Abstract

The methane drainage in liquid-saturated coal is directly related to the multiphase flow in complex geological structures. In this study, the pore-fracture dynamic evolution induced by in-situ stress and the corresponding gas-liquid migration and morphology characteristics were investigated by a self-developed online LF-NMR triaxial stress system. The dynamic variation, obvious change, and slight response were occurred at the migration pore (MP>3ms), percolation pore (0.3ms < PP < 3ms), and adsorption pore (AP<0.3ms) with the increased stress, and development of gas channel was contributed by MP (15%–20%), AP (5%–10%), and PP(0–5%) responding to the gas flooding. The pore-fracture successively experienced compression, dilation, expansion, and coalescence, and PP and MP dominated the fracture initialization and connection. The permeability is negatively correlated with the fractal dimension of the pore-fracture structure and is exponentially related to the porosity and MP porosity. The longitudinal shear fracture is beneficial for the gas-liquid migration, and the horizontal tension crack connects the scattered pore and branch fracture.

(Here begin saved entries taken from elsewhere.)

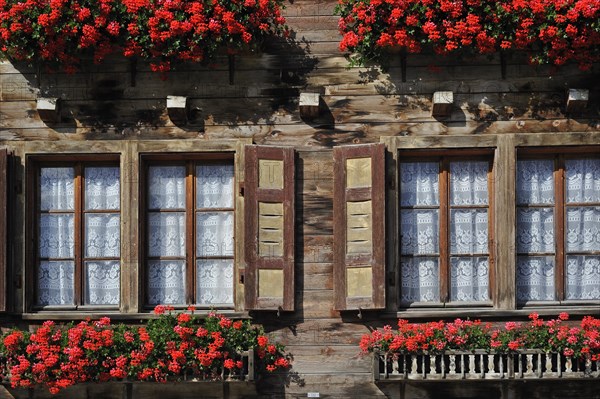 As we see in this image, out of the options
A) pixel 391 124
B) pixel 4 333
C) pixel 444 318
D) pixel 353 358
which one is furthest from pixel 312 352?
pixel 4 333

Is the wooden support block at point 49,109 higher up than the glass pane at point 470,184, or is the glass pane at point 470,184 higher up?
the wooden support block at point 49,109

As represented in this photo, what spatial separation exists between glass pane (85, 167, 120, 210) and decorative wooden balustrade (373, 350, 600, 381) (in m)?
3.40

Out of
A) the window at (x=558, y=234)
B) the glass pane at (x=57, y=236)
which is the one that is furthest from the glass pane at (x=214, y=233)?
the window at (x=558, y=234)

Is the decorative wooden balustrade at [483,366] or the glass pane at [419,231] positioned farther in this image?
the glass pane at [419,231]

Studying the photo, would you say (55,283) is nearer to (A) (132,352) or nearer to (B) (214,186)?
(A) (132,352)

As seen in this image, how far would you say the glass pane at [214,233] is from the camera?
465 inches

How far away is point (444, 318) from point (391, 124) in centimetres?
213

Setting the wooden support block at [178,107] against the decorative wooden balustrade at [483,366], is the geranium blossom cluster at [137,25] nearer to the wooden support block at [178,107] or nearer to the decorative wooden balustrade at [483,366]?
the wooden support block at [178,107]

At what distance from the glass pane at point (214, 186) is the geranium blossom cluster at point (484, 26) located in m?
1.93

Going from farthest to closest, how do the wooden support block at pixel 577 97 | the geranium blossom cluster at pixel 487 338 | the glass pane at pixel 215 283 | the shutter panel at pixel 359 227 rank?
1. the glass pane at pixel 215 283
2. the wooden support block at pixel 577 97
3. the shutter panel at pixel 359 227
4. the geranium blossom cluster at pixel 487 338

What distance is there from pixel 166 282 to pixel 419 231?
9.19 ft

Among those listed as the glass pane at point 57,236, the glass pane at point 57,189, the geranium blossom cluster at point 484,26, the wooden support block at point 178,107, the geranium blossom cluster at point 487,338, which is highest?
the geranium blossom cluster at point 484,26

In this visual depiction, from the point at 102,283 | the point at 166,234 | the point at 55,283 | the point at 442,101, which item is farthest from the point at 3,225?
the point at 442,101

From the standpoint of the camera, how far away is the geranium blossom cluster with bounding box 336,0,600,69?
11031 mm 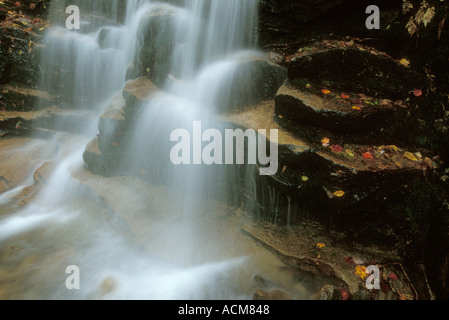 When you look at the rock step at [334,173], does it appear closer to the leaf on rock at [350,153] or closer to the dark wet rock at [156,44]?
the leaf on rock at [350,153]

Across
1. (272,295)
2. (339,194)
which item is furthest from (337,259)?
(272,295)

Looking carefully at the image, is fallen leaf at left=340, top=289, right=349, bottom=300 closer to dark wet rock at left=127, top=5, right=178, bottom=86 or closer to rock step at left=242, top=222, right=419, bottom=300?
rock step at left=242, top=222, right=419, bottom=300

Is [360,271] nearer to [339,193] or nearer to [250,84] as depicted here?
[339,193]

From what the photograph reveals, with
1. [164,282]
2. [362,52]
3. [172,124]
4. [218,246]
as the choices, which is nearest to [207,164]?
[172,124]

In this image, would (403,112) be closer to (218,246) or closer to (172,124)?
(218,246)

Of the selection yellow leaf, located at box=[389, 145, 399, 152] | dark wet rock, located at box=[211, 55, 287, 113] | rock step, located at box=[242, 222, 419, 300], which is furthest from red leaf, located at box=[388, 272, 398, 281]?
dark wet rock, located at box=[211, 55, 287, 113]

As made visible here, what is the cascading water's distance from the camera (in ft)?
13.9

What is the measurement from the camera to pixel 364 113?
424 cm

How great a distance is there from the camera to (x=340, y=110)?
4281 millimetres

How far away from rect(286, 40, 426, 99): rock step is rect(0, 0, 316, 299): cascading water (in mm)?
1910

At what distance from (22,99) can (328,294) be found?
10381 millimetres

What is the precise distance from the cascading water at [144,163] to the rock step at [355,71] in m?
1.91

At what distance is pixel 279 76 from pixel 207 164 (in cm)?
276

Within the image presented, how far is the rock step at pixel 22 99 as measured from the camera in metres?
8.00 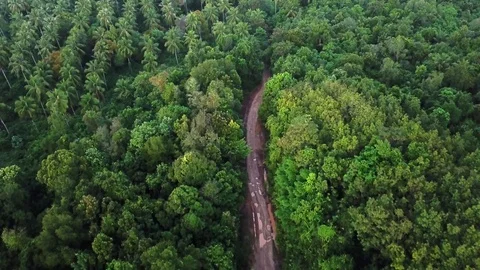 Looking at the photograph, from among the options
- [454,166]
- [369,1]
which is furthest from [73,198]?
[369,1]

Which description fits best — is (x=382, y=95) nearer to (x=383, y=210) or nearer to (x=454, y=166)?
(x=454, y=166)

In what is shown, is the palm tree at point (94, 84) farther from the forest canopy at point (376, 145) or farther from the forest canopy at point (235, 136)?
the forest canopy at point (376, 145)

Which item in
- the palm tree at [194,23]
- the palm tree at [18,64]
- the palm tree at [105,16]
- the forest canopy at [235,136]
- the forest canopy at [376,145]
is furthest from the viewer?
the palm tree at [194,23]

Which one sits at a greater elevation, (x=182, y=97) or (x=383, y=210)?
(x=182, y=97)

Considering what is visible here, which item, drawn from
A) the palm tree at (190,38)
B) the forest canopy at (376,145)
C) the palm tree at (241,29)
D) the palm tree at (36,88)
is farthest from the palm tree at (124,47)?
the forest canopy at (376,145)

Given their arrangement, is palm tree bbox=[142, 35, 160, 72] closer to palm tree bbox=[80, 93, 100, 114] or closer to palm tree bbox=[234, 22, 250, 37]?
palm tree bbox=[80, 93, 100, 114]

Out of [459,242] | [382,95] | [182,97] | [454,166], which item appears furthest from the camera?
[182,97] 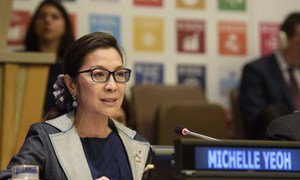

The gas channel was influenced by the liquid capillary pressure and gas jiamin effect in poor pore-fracture and mainly influenced by the gas slippage effect, immiscible behavior, and fracture surface tension force in mature pore-fracture. The optimal gas channel occurred at the crack-propagation period, which was located at around 70% peak strength with 1.5md permeability, high liquid relative permeability and lower gas relative permeability. The findings provide significant insight into methane extraction.